* [Your task] Among the entries that follow, locate the line with "an empty room" and the line with "close-up shot of". Output those lines and all lines in between, exactly, minus the pictures.

* [Information provided]
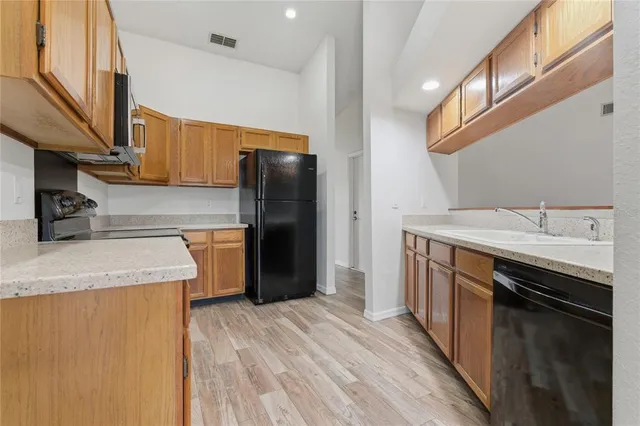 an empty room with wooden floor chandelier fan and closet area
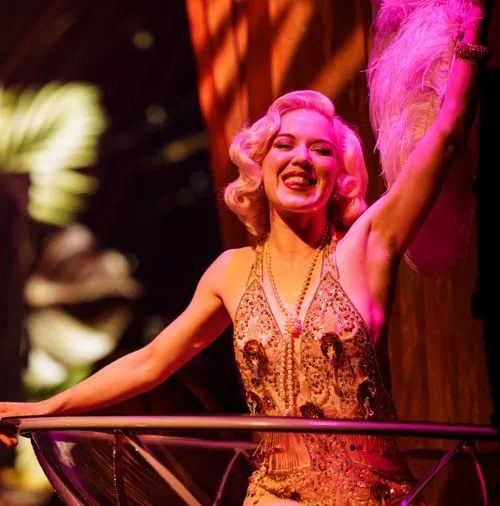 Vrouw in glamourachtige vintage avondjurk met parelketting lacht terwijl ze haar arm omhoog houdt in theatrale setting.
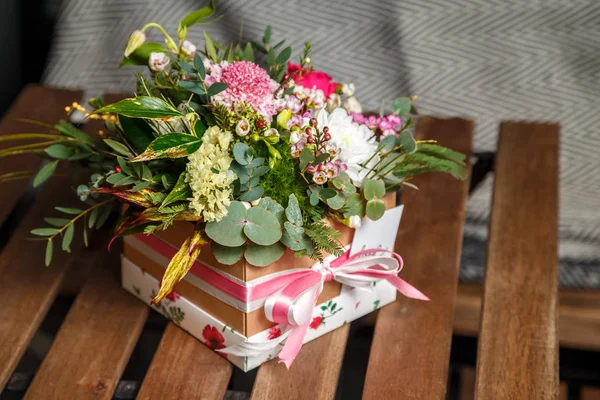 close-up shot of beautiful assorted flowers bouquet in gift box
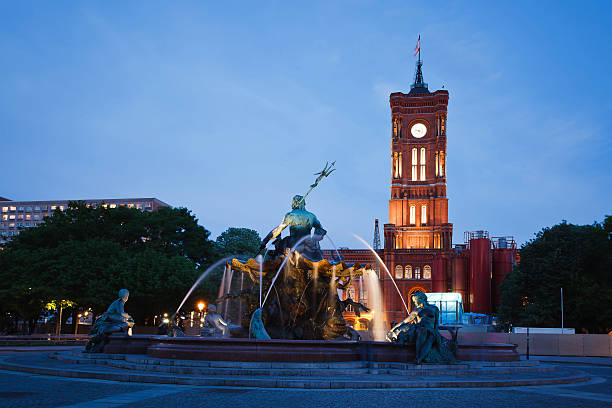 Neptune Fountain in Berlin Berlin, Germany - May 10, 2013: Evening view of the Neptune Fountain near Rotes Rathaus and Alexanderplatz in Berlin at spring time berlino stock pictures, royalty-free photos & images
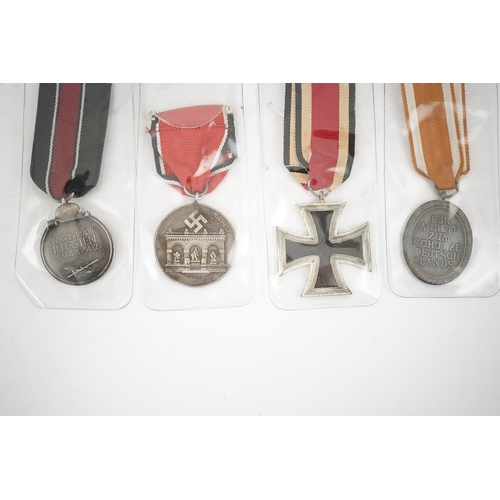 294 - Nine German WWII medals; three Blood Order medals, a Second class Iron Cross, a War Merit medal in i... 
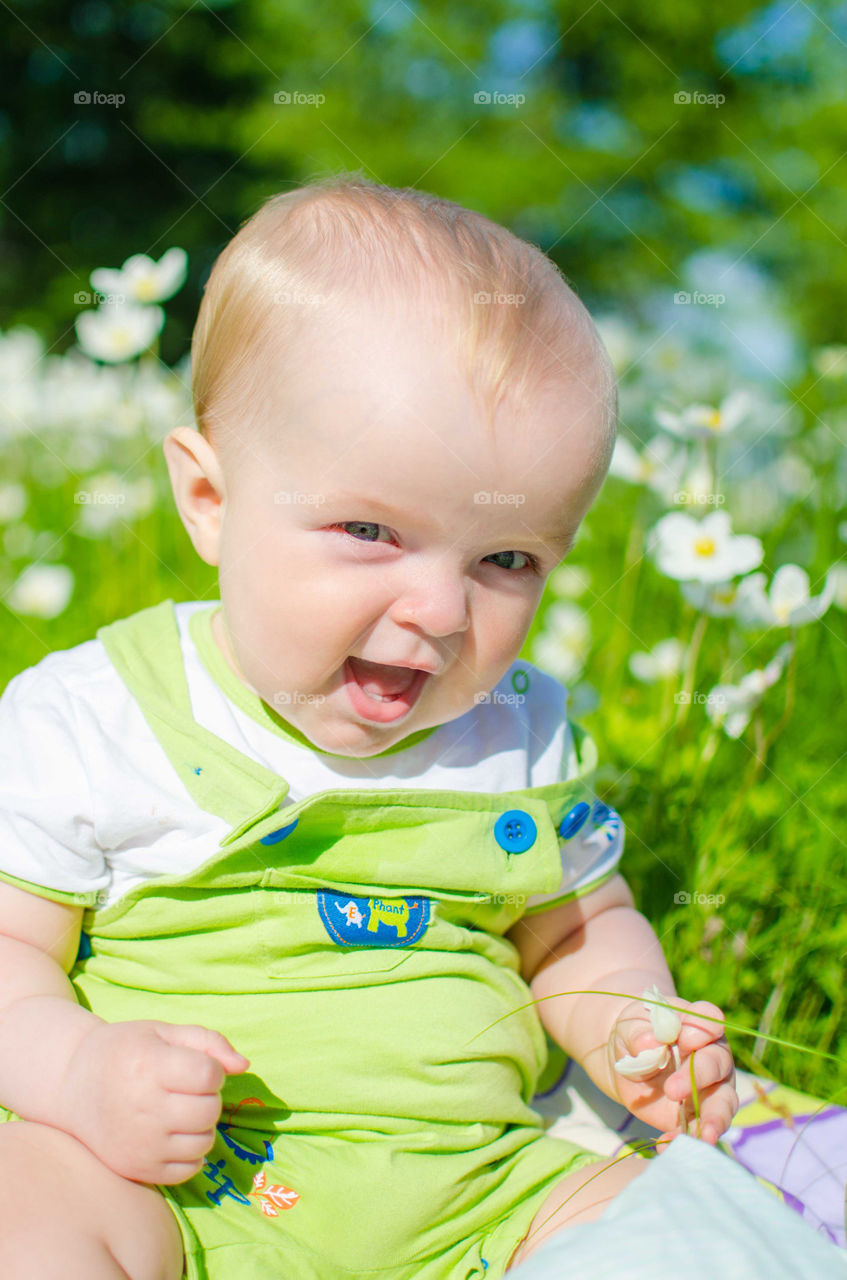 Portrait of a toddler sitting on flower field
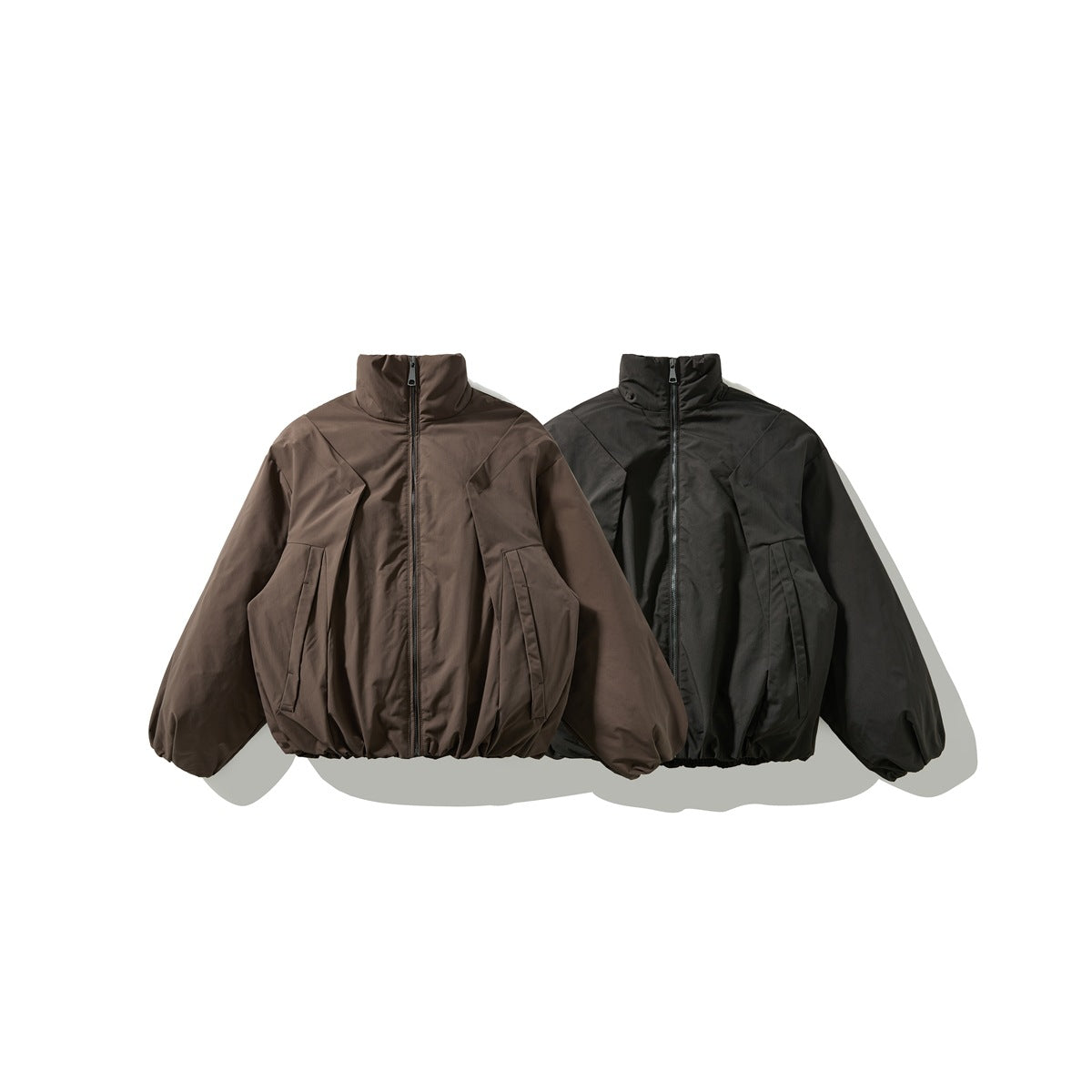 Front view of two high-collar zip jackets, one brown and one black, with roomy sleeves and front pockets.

...

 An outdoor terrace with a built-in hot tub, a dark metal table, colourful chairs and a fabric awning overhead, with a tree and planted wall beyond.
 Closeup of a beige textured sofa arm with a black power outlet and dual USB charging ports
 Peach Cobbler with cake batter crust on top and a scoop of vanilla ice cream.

---

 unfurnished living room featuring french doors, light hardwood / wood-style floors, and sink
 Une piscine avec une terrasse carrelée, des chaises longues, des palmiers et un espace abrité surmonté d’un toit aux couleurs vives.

* [Response for this exercise]
 an empty room with wooden floor chandelier fan and closet area
 Vrouw in glamourachtige vintage avondjurk met parelketting lacht terwijl ze haar arm omhoog houdt in theatrale setting.
 close-up shot of beautiful assorted flowers bouquet in gift box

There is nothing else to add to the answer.